I kid you not. In 12 Things Tenure-Track Faculty Can Learn From 'The Hunger Games' , published the day before yesterday in The Chronicle of Higher Education, Barreca begins by saying "I saw The Hunger Games and hated it." Talk about a lead. She's totally into making lemonade from lemons, because in her second paragraph she says, "But I do believe that there are lessons to be learned from the movie, important ones, and ones, most crucially, that will make the cinematic experience tax-deductible for me when I write about them." See? She's read some of those same how-to articles I have.

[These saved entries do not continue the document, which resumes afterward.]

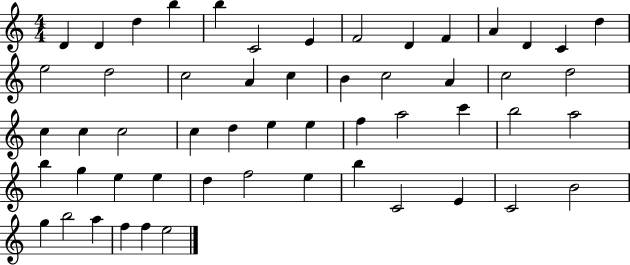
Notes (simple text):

D4/q D4/q D5/q B5/q B5/q C4/h E4/q F4/h D4/q F4/q A4/q D4/q C4/q D5/q E5/h D5/h C5/h A4/q C5/q B4/q C5/h A4/q C5/h D5/h C5/q C5/q C5/h C5/q D5/q E5/q E5/q F5/q A5/h C6/q B5/h A5/h B5/q G5/q E5/q E5/q D5/q F5/h E5/q B5/q C4/h E4/q C4/h B4/h G5/q B5/h A5/q F5/q F5/q E5/h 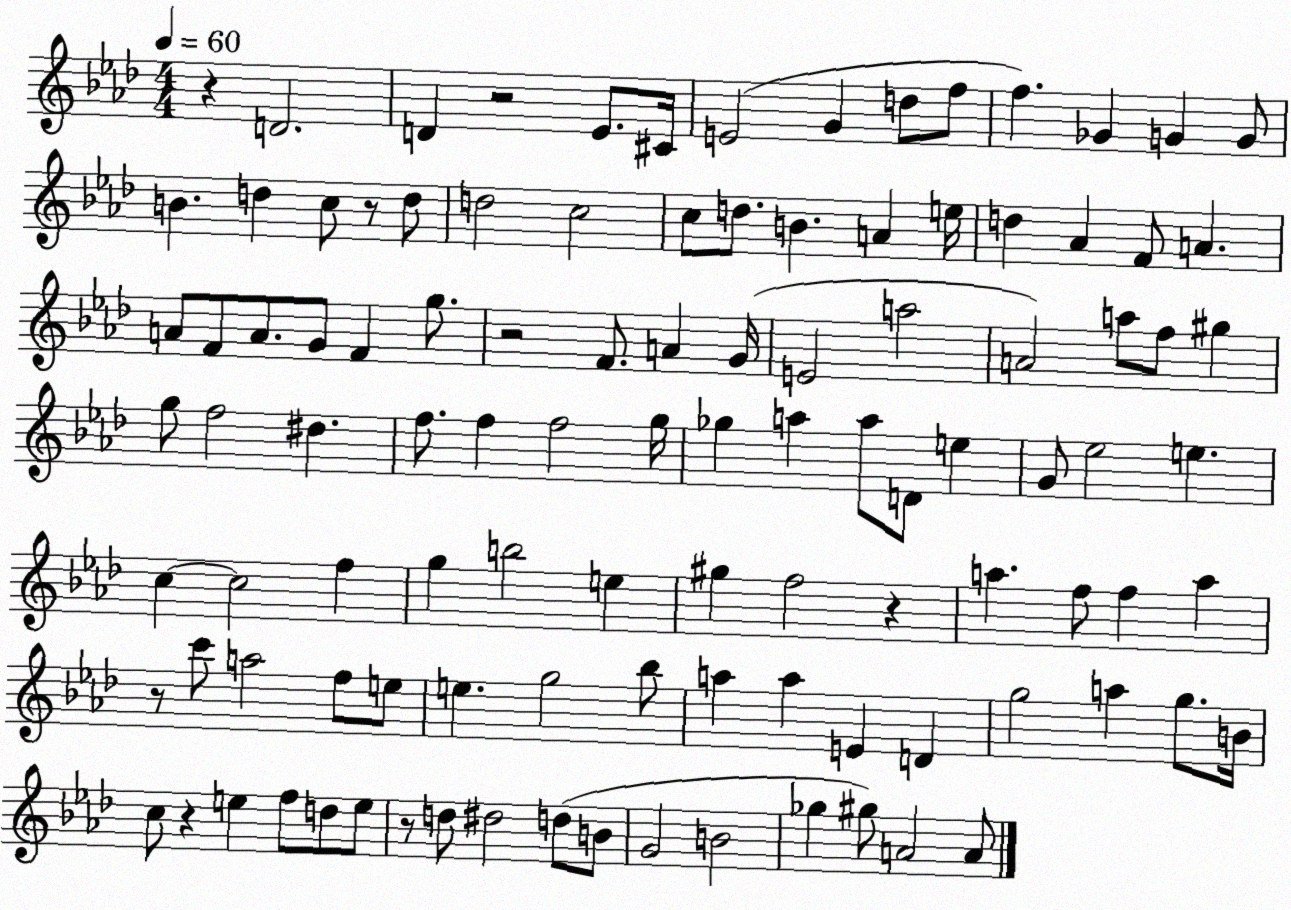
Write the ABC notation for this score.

X:1
T:Untitled
M:4/4
L:1/4
K:Ab
z D2 D z2 _E/2 ^C/4 E2 G d/2 f/2 f _G G G/2 B d c/2 z/2 d/2 d2 c2 c/2 d/2 B A e/4 d _A F/2 A A/2 F/2 A/2 G/2 F g/2 z2 F/2 A G/4 E2 a2 A2 a/2 f/2 ^g g/2 f2 ^d f/2 f f2 g/4 _g a a/2 D/2 e G/2 _e2 e c c2 f g b2 e ^g f2 z a f/2 f a z/2 c'/2 a2 f/2 e/2 e g2 _b/2 a a E D g2 a g/2 B/4 c/2 z e f/2 d/2 e/2 z/2 d/2 ^d2 d/2 B/2 G2 B2 _g ^g/2 A2 A/2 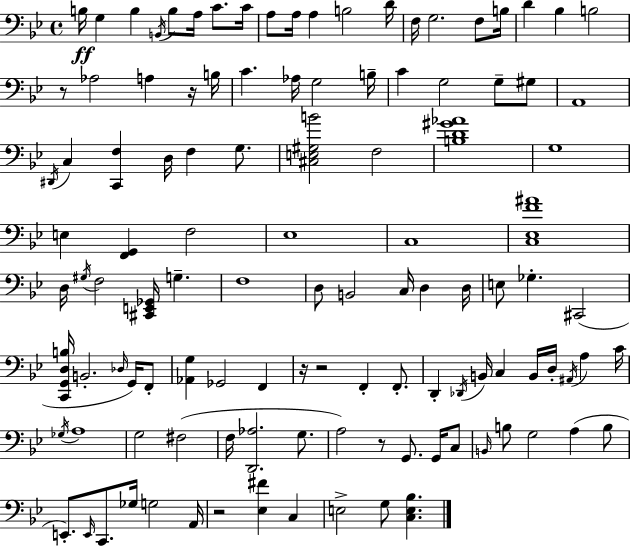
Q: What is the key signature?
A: BES major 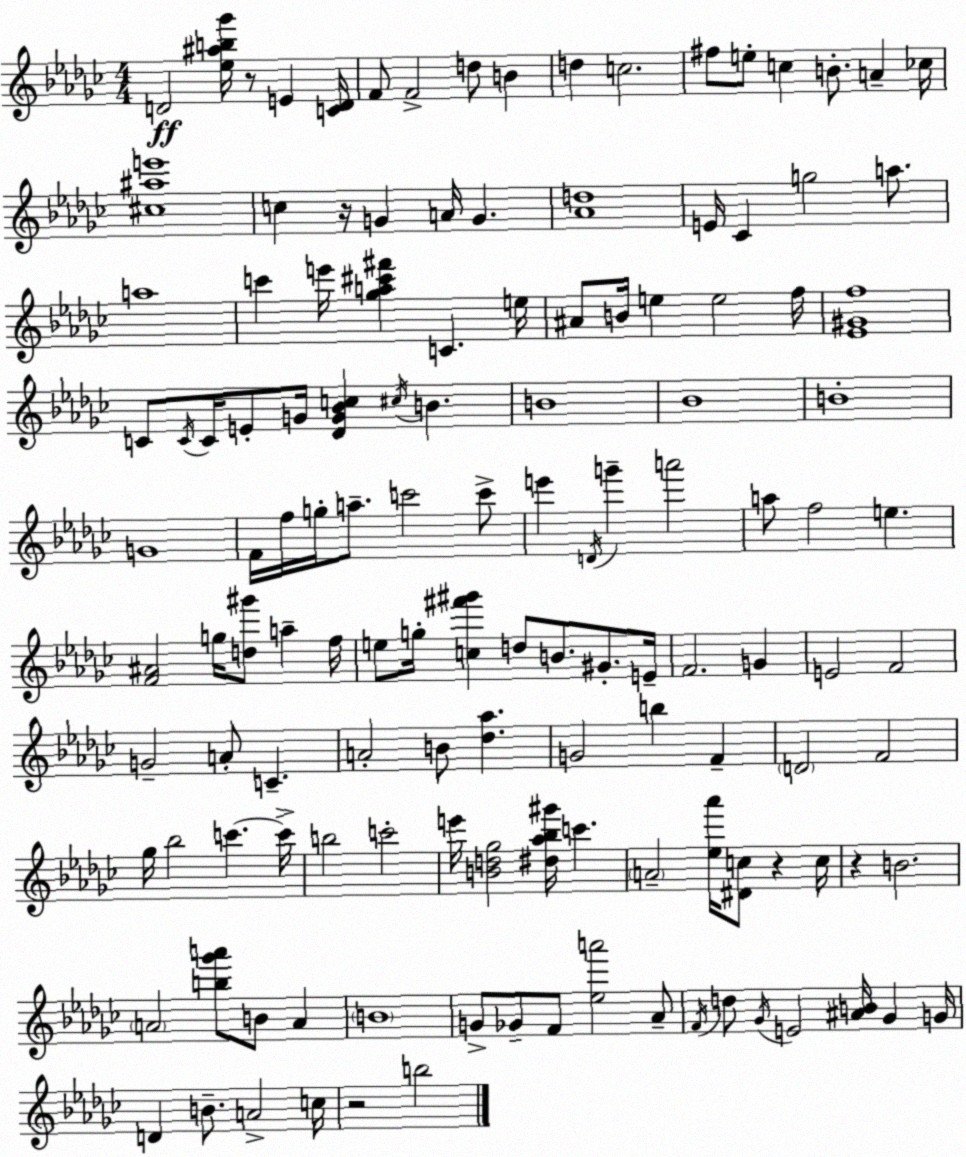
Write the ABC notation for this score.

X:1
T:Untitled
M:4/4
L:1/4
K:Ebm
D2 [_e^ab_g']/4 z/2 E [CD]/4 F/2 F2 d/2 B d c2 ^f/2 e/2 c B/2 A _c/4 [^c^ae']4 c z/4 G A/4 G [_Ad]4 E/4 _C g2 a/2 a4 c' e'/4 [_ga^c'^f'] C e/4 ^A/2 B/4 e e2 f/4 [_E^Gf]4 C/2 C/4 C/4 E/2 G/4 [_DG_Bc] ^c/4 B B4 _B4 B4 G4 F/4 f/4 g/4 a/2 c'2 c'/2 e' D/4 g' a'2 a/2 f2 e [F^A]2 g/4 [d^g']/2 a f/4 e/2 g/4 [c^f'^g'] d/2 B/2 ^G/2 E/4 F2 G E2 F2 G2 A/2 C A2 B/2 [_d_a] G2 b F D2 F2 _g/4 _b2 c' c'/4 b2 c'2 e'/4 [Bd_g]2 [^d_a_b^g']/4 c' A2 [_e_a']/4 [^Dc]/2 z c/4 z B2 A2 [b_g'a']/2 B/2 A B4 G/2 _G/2 F/2 [_ea']2 _A/2 F/4 d/2 _G/4 E2 [^AB]/4 _G G/4 D B/2 A2 c/4 z2 b2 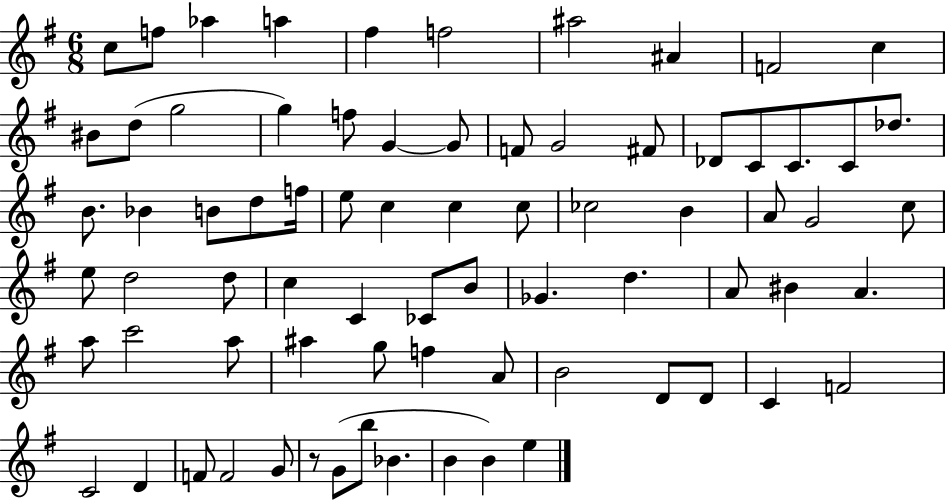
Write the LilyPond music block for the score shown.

{
  \clef treble
  \numericTimeSignature
  \time 6/8
  \key g \major
  c''8 f''8 aes''4 a''4 | fis''4 f''2 | ais''2 ais'4 | f'2 c''4 | \break bis'8 d''8( g''2 | g''4) f''8 g'4~~ g'8 | f'8 g'2 fis'8 | des'8 c'8 c'8. c'8 des''8. | \break b'8. bes'4 b'8 d''8 f''16 | e''8 c''4 c''4 c''8 | ces''2 b'4 | a'8 g'2 c''8 | \break e''8 d''2 d''8 | c''4 c'4 ces'8 b'8 | ges'4. d''4. | a'8 bis'4 a'4. | \break a''8 c'''2 a''8 | ais''4 g''8 f''4 a'8 | b'2 d'8 d'8 | c'4 f'2 | \break c'2 d'4 | f'8 f'2 g'8 | r8 g'8( b''8 bes'4. | b'4 b'4) e''4 | \break \bar "|."
} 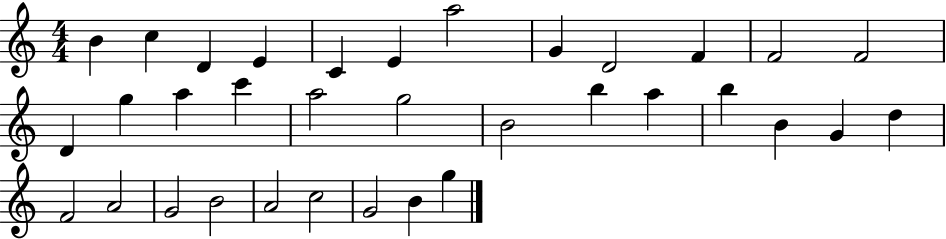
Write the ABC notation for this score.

X:1
T:Untitled
M:4/4
L:1/4
K:C
B c D E C E a2 G D2 F F2 F2 D g a c' a2 g2 B2 b a b B G d F2 A2 G2 B2 A2 c2 G2 B g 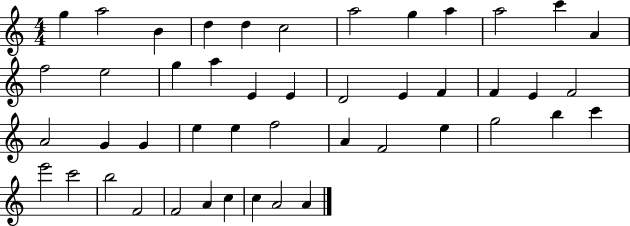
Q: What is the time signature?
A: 4/4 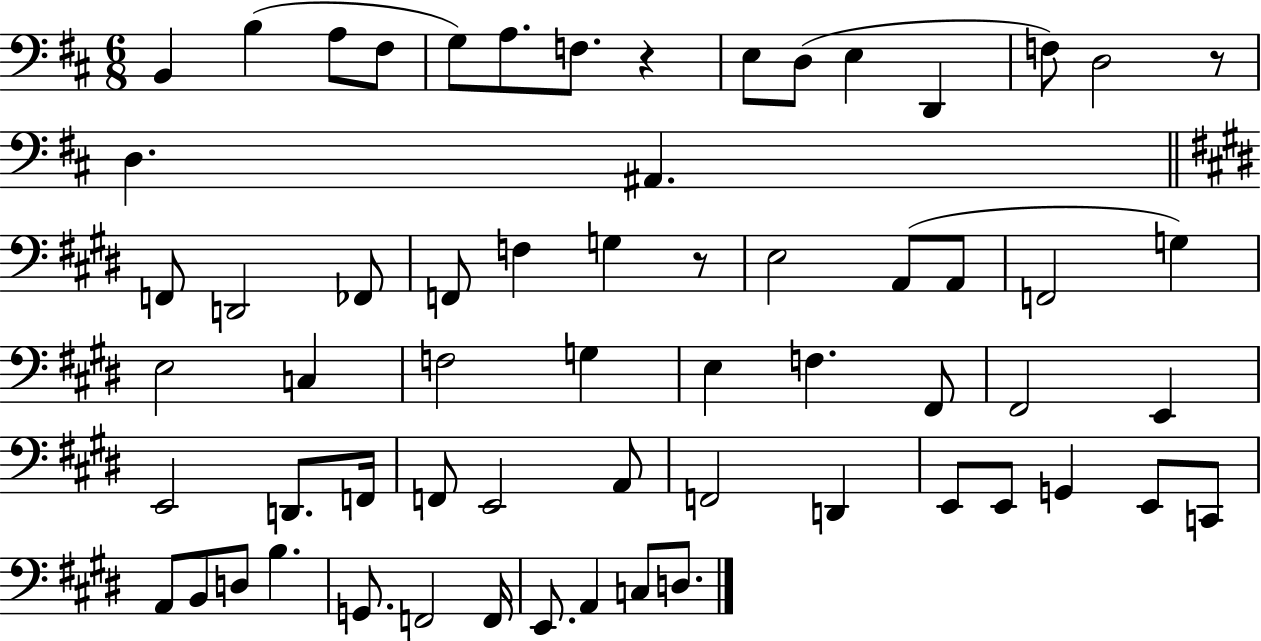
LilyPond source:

{
  \clef bass
  \numericTimeSignature
  \time 6/8
  \key d \major
  b,4 b4( a8 fis8 | g8) a8. f8. r4 | e8 d8( e4 d,4 | f8) d2 r8 | \break d4. ais,4. | \bar "||" \break \key e \major f,8 d,2 fes,8 | f,8 f4 g4 r8 | e2 a,8( a,8 | f,2 g4) | \break e2 c4 | f2 g4 | e4 f4. fis,8 | fis,2 e,4 | \break e,2 d,8. f,16 | f,8 e,2 a,8 | f,2 d,4 | e,8 e,8 g,4 e,8 c,8 | \break a,8 b,8 d8 b4. | g,8. f,2 f,16 | e,8. a,4 c8 d8. | \bar "|."
}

I don't actually understand all the things she says tenure-track faculty can learn from The Hunger Games, but I'm not a tenure-track faculty member. For instance, I can't figure out why Barreca would have loved to have seen Jennifer Lawrence "pick up a bowling ball and toss it around like a Hacky Sack." Huh? The tenure-track faculty who commented on the article loved it, though, except for the guy who called it (quote) a pile of crap (end of quote). So Gina knows what she's doing.

Okay, then, yesterday, Barreca's op-ed piece, "The Hunger Games" A Humorless Bore, appeared in The Hartford Courant. Here we learn that not only did she hate the movie, she hated the book, too. Barreca is still kind of academic here, making some literary references and complaining about Hunger Games' author Suzanne Collins' comma splices. I have to admit, when the book came out, there was talk on a listserv I frequented about the book's poor copy editing and grammatical errors. I am embarrassed to say that when I read it, most of them shot right by me.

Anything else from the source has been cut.